Wait. That’s exactly what happens in this shocking disappointment, which seems to have been conceived in a 3 a.m. haze and never re-evaluated as merely a rerun of a “Find your way home” kids’ movie, not a reinvention. Yes, I realize most kids’ movies don’t include bath salts and a literal orgy of food.

Frank (Seth Rogen) doesn’t just dream of being “five inches deep in some bun”; this hot dog believes in “bunogamy” and wants her to be Brenda (Kristen Wiig), who, well, returns his affections, adding no drama whatsoever. The only question is if they’ll ever emerge from their packaging, which they do in a convoluted, strained sequence that sets up an angry Douche (Nick Kroll, reusing his Bobby Bottleservice voice from “Kroll Show”) as a villain who continually grows louder and less funny. Can Frank and Brenda learn the secrets of the world both in their grocery store and out in “the great beyond” before the Douche (also the name of Kroll’s character on “Parks and Recreation,” weird) gets his revenge or something?

Sigh/groan/dammit. Like Rogen/Goldberg, who conceived the story with Jonah Hill (who voices another sausage) and share writing credit with two others, couldn’t do better than a bagel (voiced by Edward Norton, doing a good Woody Allen) named Sammy Bagel Jr. being picked on by an anti-Semitic Lavash (David Krumholtz) who longs for the 77 bottles of extra virgin olive oil promised him. Or a taco (Salma Hayek) who also has eyes for Brenda and says things like “Let’s not start eating each other’s boxes just yet.” Or a double meaning of “crackers” and the embarrassing use of “guac and balls.” We’re not that far off from giggling at “camel toe” in the South African-set, black hole of a dumpster that is “Blended.”

What makes a half-hearted attempt at advocacy for sexual and personal liberation mostly feels like a juvenile remake of “Honey, I Shrunk the Kids” with the wit of Trader Joe’s packaging Asian products as Trader Ming’s.
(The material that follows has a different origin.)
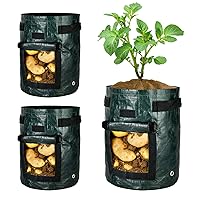 iPower Potato Grow Bags 5 Gallon 3 Pack with Flap, Sturdy Handles and Harvest Windows, Thick PE Fabric Planter Pots for Potato, Tomato, Carrot, Onion, Carrot, Vegetable and Fruits, Green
I laughed at a returned jar of honey mustard (Danny McBride) identifying the folly of wanting to leave the store (“You’re celebrating your doom!”) and one product whose name initially lists all of its chemicals. Won’t spoil it, and not funny on paper anyway.

But toilet paper complaining? The inevitable mention of tea-bagging and even more inevitable descent to extreme violence? Just because you can tackle “Toy Story 3” like it’s a second-rate “Team America: World Police” doesn’t mean you should. Though I know once someone comes up with brilliance like “stiff sausages and sexy tacos,” they couldn’t possibly just leave it on the bar napkin where the idea belongs.

C-.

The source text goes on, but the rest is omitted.